Swisssign-CEO Markus Naef über seine Pläne mit dem Joint Venture von Post und SBB
Swisssign ist seit Mai 2017 ein Joint Venture der Post und der SBB. Seit Mai hat das Unternehmen, das die elektronische Identität flächendeckend in der Schweiz einführen will, auch einen neuen CEO. Die Redaktion sprach mit Markus Naef über seine Pläne mit Swisssign.
Wo machen Sie die Abgrenzung zwischen elektronischer Signatur und elektronischer Identität?
Markus Naef: Fangen wir mit der Identität an: Sie stellt sicher, dass etwa der Absender einer E-Mail tatsächlich die Person ist, die sie vorgibt zu sein. Es handelt sich dabei um eine sogenannte geprüfte Identität. Die elektronische Signatur hingegen ersetzt die handschriftliche Unterschrift auf einem Dokument, womit der Unterschreibende etwa einen Vertrag oder ein anderes Rechtsgeschäft abschliesst und damit quasi seine Willensäusserung zum Abschluss eines solchen Rechtsgeschäfts besiegelt.

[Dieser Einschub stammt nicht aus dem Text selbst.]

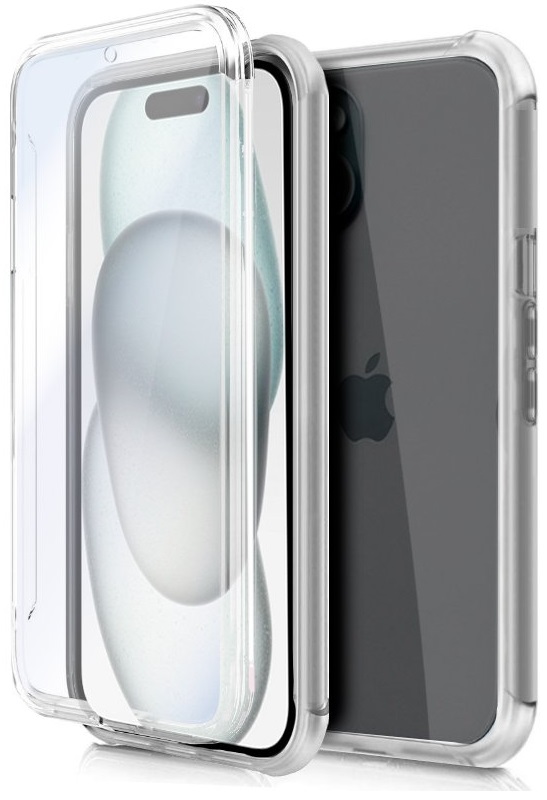 Capa de Silicone 3D p/ iPhone 15 Frente + Verso (Transparente) - COOL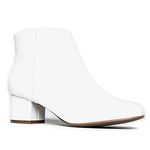 J. Adams Low Heel Zip Up Round Toe Ankle Bootie - Jody, White Faux Leather, 7.5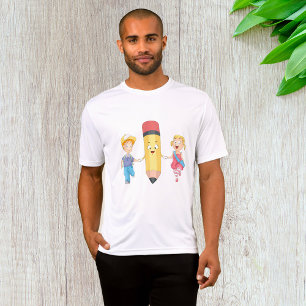 T-shirt Retour à la caricature scolaire Joyeux crayon et e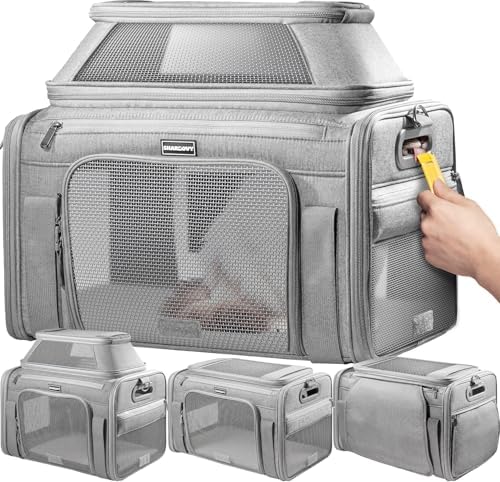 Top-Expandable Pet Carrier with Treat Pet Window,18x13x9.5 Airline Approved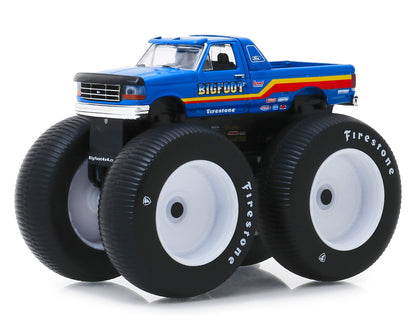 1996 Ford F-250 Monster Truck "Bigfoot #7" Metallic Blue with Stripes "Kings of Crunch" Series 5 1/64 Diecast Model Car by Greenlight-1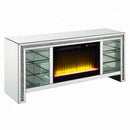 Noralie  59" TV Stand w/Fireplace & Led, Mirrored & Faux Diamonds Acme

Die Voraussetzung für eine elektronische Signatur ist aber die elektronische Identität?
Genau. Die elektronische Signatur baut auf der elektronischen Identität auf.
Und wie muss man sich nun das Angebot von Swisssign rund um die elektronische Signatur und Identität vorstellen?
Swisssign hat zwei Standbeine. Das eine ist das Zertifikatsbusiness, das zweite Standbein ist die neue Swiss-ID, die auch der Grund für das Joint Venture Swisssign der Post und der SBB ist. Die neue Swiss-ID bietet einen Funktionsumfang, der aus fünf Modulen besteht. Modul eins deckt das einfache Log-in-Verfahren, bestehend aus Username und Passwort, ab. Modul zwei ist die persönliche Datenübergabe; dieses Modul gibt dem Anwender die Hoheit, über seine Daten selbst zu bestimmen. Modul drei bietet die Zwei-Faktor-Authentifizierung etwa via SMS, Mobile-ID, biometrischen Merkmalen. Modul vier ist die geprüfte Identität, und auf der geprüften Identität baut schliesslich Modul fünf auf, die geprüfte elektronische Signatur.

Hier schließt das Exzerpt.